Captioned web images
########
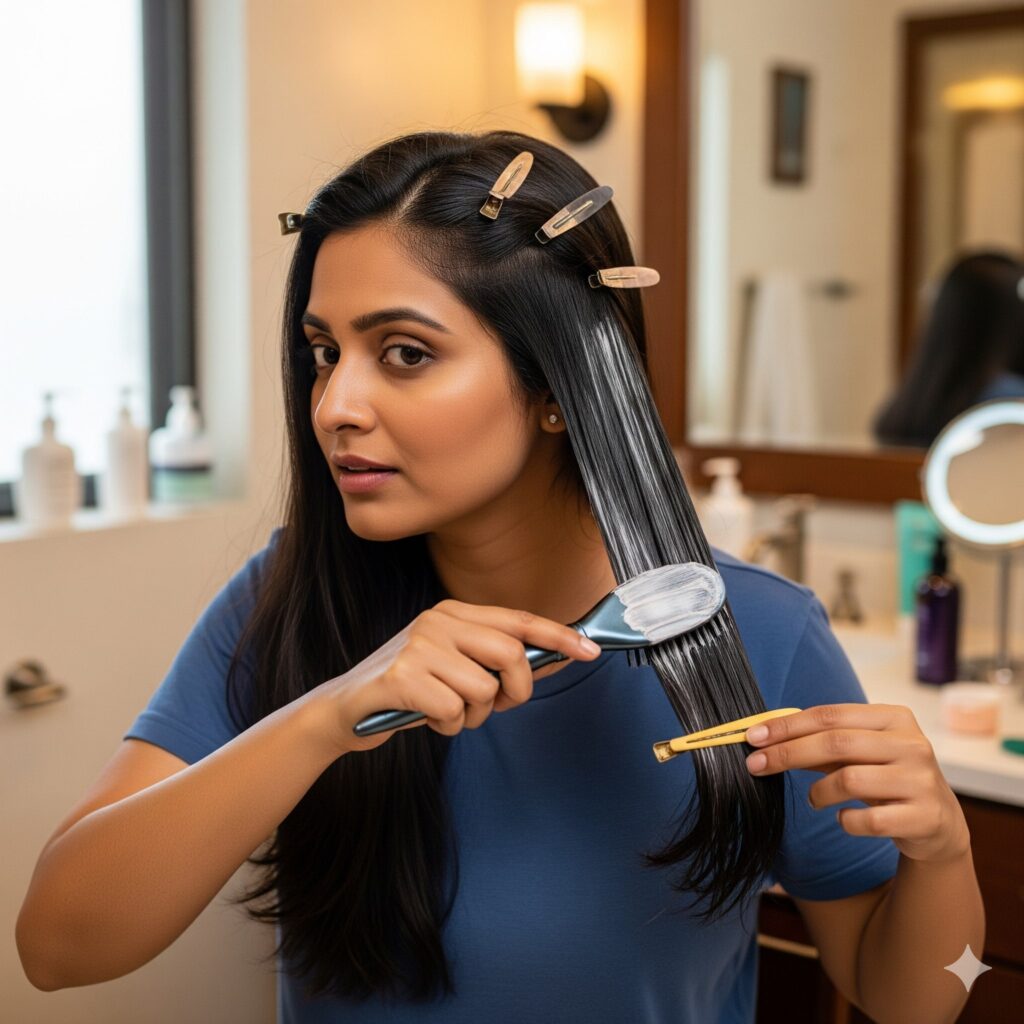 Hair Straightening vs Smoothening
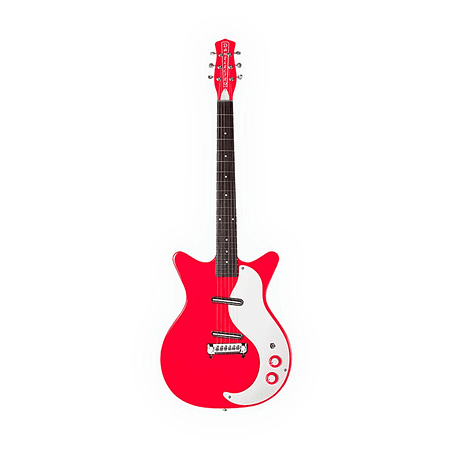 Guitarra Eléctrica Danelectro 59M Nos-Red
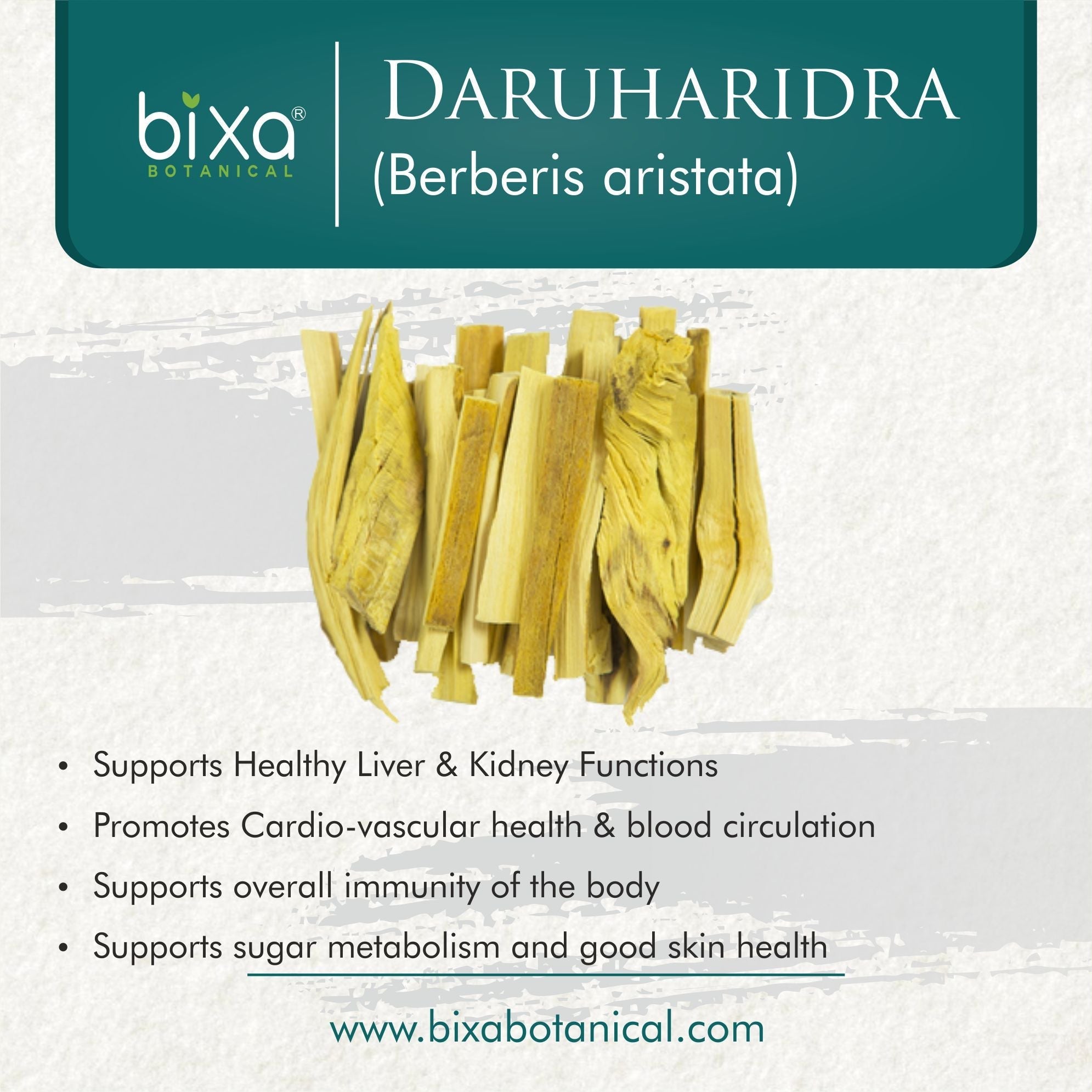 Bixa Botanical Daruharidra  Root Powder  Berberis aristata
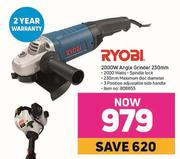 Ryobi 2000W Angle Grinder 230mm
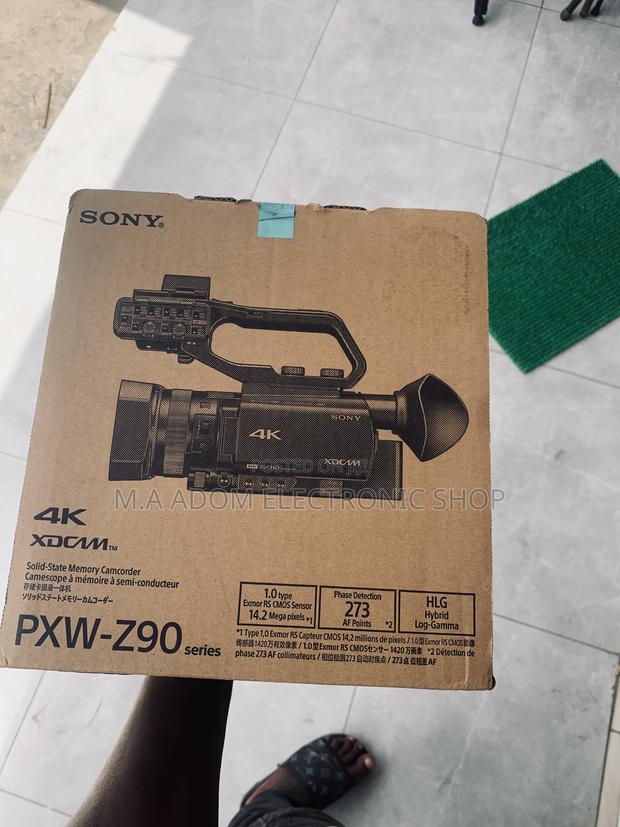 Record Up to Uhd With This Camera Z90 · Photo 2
########
What the exercise asks
Find the line that contains "Ryobi 2000W Angle Grinder 230mm", then write out that line and each one after it, exactly and with nothing else, through the end of the entries above, without the pictures.

Answer to the exercise
 Ryobi 2000W Angle Grinder 230mm
 Record Up to Uhd With This Camera Z90 · Photo 2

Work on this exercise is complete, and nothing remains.